El monto: casi siete millones de dólares; una cantidad impagable para el rotativo. La maniobra fue tan burda, que hasta el Alto Comisionado de Naciones Unidas para los Derechos Humanos expresó su “preocupación”.

Por lo que toca a los activistas sociales, en general se busca vincularlos con algún delito común. Así, por ejemplo, miembros de la Asociación Camboyana de Derechos Humanos y Desarrollo (ADHOC) han sido acusados de soborno y falso testimonio; líderes sindicales, de promover protestas “ilegales” que acabaron con muertos y heridos (por la represión policial); ambientalistas, por dañar o apropiarse de bienes y espacios; y simples manifestantes, con diferentes reivindicaciones, por obstruir el libre tránsito o insultar a la autoridad.

Ubicado en el lugar 132 de 180 por Reporteros Sin Fronteras en materia de libertad de expresión, el gobierno camboyano no vacila en acusar de “difamación” a cualquier periodista crítico. Pero a veces se llega a más.

En julio, el comentarista político Kem Ley fue asesinado a tiros en una gasolinera. Sin mayor investigación se detuvo a un exsoldado, aunque la oposición y la prensa critíca acusaron al propio Hun Sen de estar detrás del crimen.
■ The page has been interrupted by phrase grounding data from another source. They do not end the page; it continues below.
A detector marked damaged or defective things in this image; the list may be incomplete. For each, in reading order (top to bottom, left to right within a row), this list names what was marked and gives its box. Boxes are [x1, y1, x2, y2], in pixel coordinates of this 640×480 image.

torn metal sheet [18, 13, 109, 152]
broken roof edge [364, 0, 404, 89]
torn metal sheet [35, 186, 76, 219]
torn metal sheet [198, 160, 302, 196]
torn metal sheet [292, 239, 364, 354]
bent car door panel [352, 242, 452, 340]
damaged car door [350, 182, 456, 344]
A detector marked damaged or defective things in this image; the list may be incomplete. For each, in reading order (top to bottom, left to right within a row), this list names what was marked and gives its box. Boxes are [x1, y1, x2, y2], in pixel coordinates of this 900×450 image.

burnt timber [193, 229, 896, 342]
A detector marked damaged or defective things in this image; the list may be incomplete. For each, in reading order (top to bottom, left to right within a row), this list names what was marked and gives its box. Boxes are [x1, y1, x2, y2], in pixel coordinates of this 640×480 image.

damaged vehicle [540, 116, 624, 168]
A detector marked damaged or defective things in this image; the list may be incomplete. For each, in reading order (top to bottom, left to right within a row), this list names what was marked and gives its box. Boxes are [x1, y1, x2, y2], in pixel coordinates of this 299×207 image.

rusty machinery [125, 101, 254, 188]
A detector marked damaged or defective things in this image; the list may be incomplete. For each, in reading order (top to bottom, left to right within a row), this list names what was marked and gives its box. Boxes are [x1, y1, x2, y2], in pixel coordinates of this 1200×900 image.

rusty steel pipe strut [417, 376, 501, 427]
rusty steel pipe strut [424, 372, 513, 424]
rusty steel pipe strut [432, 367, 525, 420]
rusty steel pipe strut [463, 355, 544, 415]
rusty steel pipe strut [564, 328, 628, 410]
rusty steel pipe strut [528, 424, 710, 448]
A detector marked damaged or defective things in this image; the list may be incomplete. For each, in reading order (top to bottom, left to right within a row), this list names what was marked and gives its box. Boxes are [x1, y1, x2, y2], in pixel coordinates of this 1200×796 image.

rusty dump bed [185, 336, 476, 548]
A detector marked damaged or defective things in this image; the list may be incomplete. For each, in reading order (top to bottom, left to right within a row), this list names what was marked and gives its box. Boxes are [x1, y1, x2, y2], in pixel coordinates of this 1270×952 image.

Igualmente, no se ha llamado a rendir cuentas a nadie por el homicidio de al menos seis personas y la desaparición forzada de un trabajador, durante las manifestaciones de 2013 y 2014, y tampoco se ha aclarado la muerte del líder sindical Chea Vichea, por disparos de agresores no identificados.

Otro campo de tensión y represión ha sido el de la vivienda. Dado que en su tiempo el Khmer Rojo prohibió la propiedad privada, cientos de miles de camboyanos no tienen títulos con qué defenderse y han sido objeto de decomisos y expulsiones, para dar concesiones a empresas agrícolas o desarrolladoras inmobiliarias extranjeras, o simplemente a funcionarios gubernamentales o allegados a éstos.

La situación es tan explosiva, sobre todo en el campo, que en diciembre pasado el diario español El País publicó una nota sobre un monje budista, Luon Sovath, que se dedica a documentar los desalojos, con frecuencia brutales, con celulares, drones y hasta gafas especialmente adaptadas para grabar.

De hecho, no es el único; desde 2011 se formó una Red Independiente de Monjes para la Justicia Social. Marginados por la jerarquía budista y bloqueados en redes para que no difundan su testimonio, Sovath cree que el gobierno no ha sido más duro con ellos, no por sensibilidad religiosa, sino porque cuentan con un gran apoyo internacional.

Pero a Hun Sen parece importarle cada vez menos la opinión del mundo, o por lo menos parte de él. Camboya lleva siete años consecutivos de crecer económicamente alrededor de 7% y China le aporta más de un tercio de las inversiones de capital y la ayuda bilateral. Y el de Pekín ciertamente no es un régimen preocupado por las libertades políticas y el respeto a los derechos humanos.

Así, cuando a la luz de los últimos embates Estados Unidos y la Unión Europea suspendieron su ayuda a la comisión electoral de este año, ni se inmutó. Él, que fue comandante en el Khmer Rojo -la guerrilla colectivista agrícola que entre 1975 y 1979, al mando de Pol Pot, acabó con un cuarto de la población camboyana- y luego se volvió en su contra para -por medio de los vietnamitas y una cruenta guerra civil- acceder al poder en 1985, no ha vacilado en agitar estos fantasmas: “Si el PPC pierde el control, habrá guerra”, advirtió.